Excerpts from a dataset
════════════════════

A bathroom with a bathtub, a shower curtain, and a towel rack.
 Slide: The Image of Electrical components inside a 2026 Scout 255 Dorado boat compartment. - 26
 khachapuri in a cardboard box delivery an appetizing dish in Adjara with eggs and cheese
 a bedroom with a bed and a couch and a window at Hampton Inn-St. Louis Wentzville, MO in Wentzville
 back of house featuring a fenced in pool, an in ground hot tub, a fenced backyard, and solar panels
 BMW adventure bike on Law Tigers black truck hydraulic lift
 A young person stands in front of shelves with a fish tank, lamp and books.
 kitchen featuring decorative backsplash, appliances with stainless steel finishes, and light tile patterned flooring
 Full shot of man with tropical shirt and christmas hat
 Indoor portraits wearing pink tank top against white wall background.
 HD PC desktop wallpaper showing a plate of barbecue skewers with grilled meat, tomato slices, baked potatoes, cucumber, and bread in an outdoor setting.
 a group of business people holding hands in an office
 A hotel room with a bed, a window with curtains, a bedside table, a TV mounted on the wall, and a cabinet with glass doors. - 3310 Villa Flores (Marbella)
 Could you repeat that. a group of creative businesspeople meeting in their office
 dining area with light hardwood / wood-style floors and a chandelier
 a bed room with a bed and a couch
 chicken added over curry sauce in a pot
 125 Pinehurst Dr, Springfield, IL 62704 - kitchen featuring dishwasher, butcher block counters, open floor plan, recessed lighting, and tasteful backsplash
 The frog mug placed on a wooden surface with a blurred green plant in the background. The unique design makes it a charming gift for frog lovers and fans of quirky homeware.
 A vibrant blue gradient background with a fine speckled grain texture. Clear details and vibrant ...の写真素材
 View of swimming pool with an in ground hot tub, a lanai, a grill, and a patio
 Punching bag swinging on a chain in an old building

════════════════════

- **Work task**: From the line containing "back of house" down to the last line of the records, transcribe every line exactly and add nothing else.

- **Answer for this exercise**:
 back of house featuring a fenced in pool, an in ground hot tub, a fenced backyard, and solar panels
 BMW adventure bike on Law Tigers black truck hydraulic lift
 A young person stands in front of shelves with a fish tank, lamp and books.
 kitchen featuring decorative backsplash, appliances with stainless steel finishes, and light tile patterned flooring
 Full shot of man with tropical shirt and christmas hat
 Indoor portraits wearing pink tank top against white wall background.
 HD PC desktop wallpaper showing a plate of barbecue skewers with grilled meat, tomato slices, baked potatoes, cucumber, and bread in an outdoor setting.
 a group of business people holding hands in an office
 A hotel room with a bed, a window with curtains, a bedside table, a TV mounted on the wall, and a cabinet with glass doors. - 3310 Villa Flores (Marbella)
 Could you repeat that. a group of creative businesspeople meeting in their office
 dining area with light hardwood / wood-style floors and a chandelier
 a bed room with a bed and a couch
 chicken added over curry sauce in a pot
 125 Pinehurst Dr, Springfield, IL 62704 - kitchen featuring dishwasher, butcher block counters, open floor plan, recessed lighting, and tasteful backsplash
 The frog mug placed on a wooden surface with a blurred green plant in the background. The unique design makes it a charming gift for frog lovers and fans of quirky homeware.
 A vibrant blue gradient background with a fine speckled grain texture. Clear details and vibrant ...の写真素材
 View of swimming pool with an in ground hot tub, a lanai, a grill, and a patio
 Punching bag swinging on a chain in an old building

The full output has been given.